Optical signals of spin switching using the optical Stark effect in a Mn doped quantum dot

TL;DR

This paper explores how the optical Stark effect can control and monitor spin switching in a Mn-doped quantum dot, revealing detailed spin dynamics through time-resolved spectroscopy.

Contribution

It demonstrates a theoretical method to observe and enhance spin flips in a Mn quantum dot using the optical Stark effect and spectral analysis.

Findings

Optical Stark effect can bring spin flip states into resonance.

Spectral lines split into six, each representing Mn spin states.

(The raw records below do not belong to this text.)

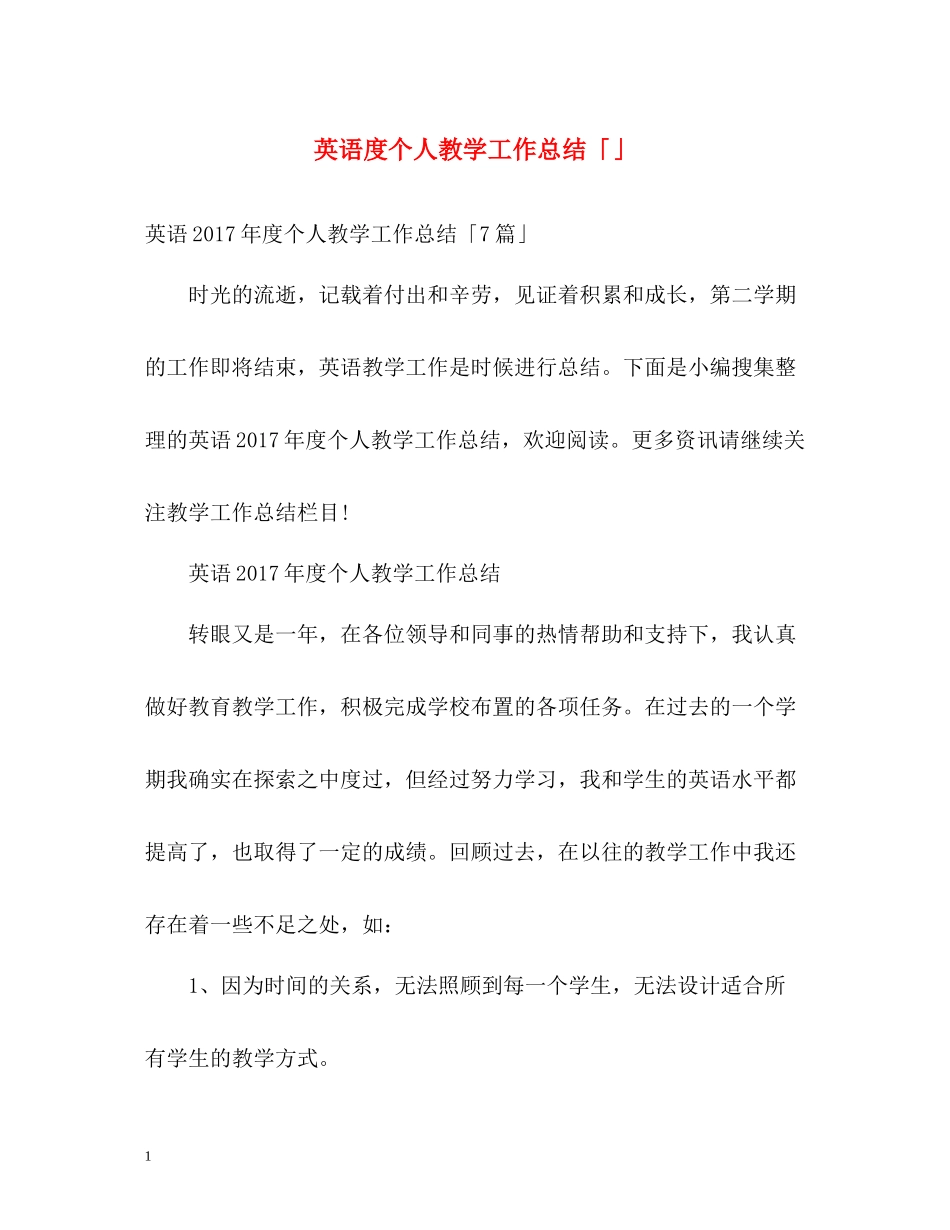 英语度个人教学工作总结「」_第1页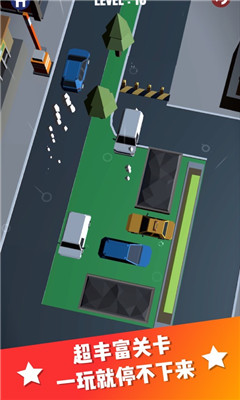 欢乐停车场iOS版下载-欢乐停车场苹果版下载v1.0图1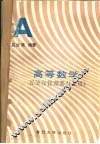 高等数学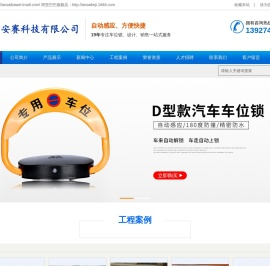 车位锁厂家,扫码停车锁,地桩车库锁抗压防撞,共享车位锁,充电桩控制锁,太阳能平板车位锁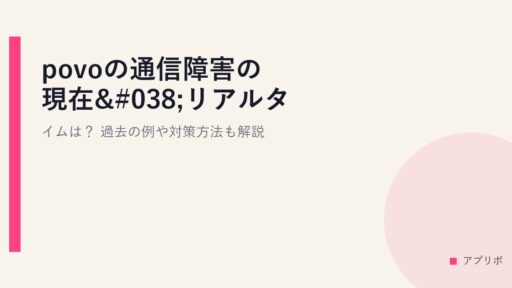 povoの通信障害の現在&リアルタイムは？過去の例や対策方法も解説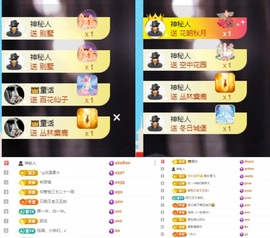 初遇欣颜主播照片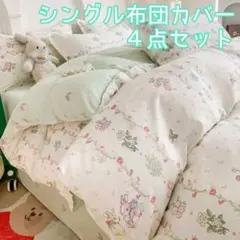 Item thumbnail for item baafa501-8fbb-428b-afa8-5f6742455b82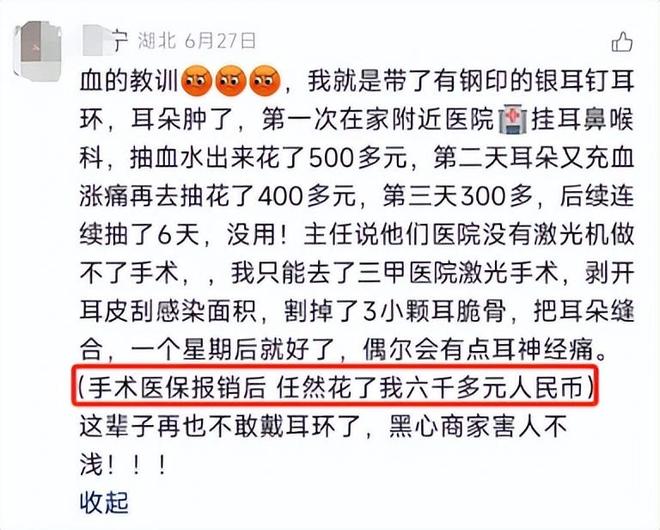 率超过75%很多人天天用孩子也爱戴开元棋牌致癌物超标1179倍造假(图11)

Time-dependent spectral shifts reveal spin dynamics.

Abstract

The optically induced spin dynamics of a single Mn atom embedded into a single semiconductor quantum dot can be strongly influenced by using the optical Stark effect. The exchange interaction gives rise to simultaneous spin flips between the quantum dot electron and Mn. In the time domain these flips correspond to exchange induced Rabi oscillations, which are typically off-resonant. By applying a detuned laser pulse, the states involved in the flipping can be brought into resonance by means of the optical Stark effect increasing the amplitude of the Rabi oscillations to one. In this paper we study theoretically how this spin dynamics can be monitored in time-resolved spectroscopy. In the spectrum the exchange interaction leads to a splitting of the exciton line into six lines, each corresponding to one of the six Mn spin states. The dynamical behavior of the Mn spin is reflected by the strength of the individual lines as a function of time. When an off-resonant optical pulse is applied the spectral positions of the lines shift, but still the flipping dynamics is visible.